> **ACTIVITY**
Count up the lines below that hold "Abstract", then give that count by itself.

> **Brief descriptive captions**
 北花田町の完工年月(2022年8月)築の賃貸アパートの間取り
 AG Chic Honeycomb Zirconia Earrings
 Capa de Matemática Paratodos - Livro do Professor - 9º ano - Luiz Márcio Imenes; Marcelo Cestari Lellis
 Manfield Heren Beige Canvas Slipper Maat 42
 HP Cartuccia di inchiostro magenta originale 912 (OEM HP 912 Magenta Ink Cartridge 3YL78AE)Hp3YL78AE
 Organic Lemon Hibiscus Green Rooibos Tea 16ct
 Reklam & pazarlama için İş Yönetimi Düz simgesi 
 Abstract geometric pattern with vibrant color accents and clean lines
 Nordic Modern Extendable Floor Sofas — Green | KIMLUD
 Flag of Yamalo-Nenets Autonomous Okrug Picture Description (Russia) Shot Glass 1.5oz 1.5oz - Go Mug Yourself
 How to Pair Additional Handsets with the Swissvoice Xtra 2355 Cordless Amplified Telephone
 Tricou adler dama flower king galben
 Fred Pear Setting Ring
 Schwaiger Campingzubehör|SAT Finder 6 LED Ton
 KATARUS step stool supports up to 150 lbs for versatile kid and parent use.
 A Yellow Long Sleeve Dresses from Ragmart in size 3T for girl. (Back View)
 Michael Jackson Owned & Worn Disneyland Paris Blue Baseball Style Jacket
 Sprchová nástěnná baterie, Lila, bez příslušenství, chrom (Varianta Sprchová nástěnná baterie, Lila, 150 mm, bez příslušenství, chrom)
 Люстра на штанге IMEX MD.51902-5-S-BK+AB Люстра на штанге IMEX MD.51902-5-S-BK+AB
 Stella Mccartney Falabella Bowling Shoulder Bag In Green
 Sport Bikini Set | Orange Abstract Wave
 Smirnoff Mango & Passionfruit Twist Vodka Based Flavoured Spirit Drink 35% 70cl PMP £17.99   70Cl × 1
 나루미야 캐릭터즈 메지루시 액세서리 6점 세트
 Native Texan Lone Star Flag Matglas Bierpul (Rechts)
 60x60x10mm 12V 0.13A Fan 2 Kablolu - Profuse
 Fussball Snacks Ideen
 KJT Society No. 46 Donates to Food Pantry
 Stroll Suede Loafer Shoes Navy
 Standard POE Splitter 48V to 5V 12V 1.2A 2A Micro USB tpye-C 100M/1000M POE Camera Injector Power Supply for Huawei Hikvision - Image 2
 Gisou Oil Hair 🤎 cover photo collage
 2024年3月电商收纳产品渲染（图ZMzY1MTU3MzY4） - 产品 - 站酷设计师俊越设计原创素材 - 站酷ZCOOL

> **OUTPUT BELOW**
2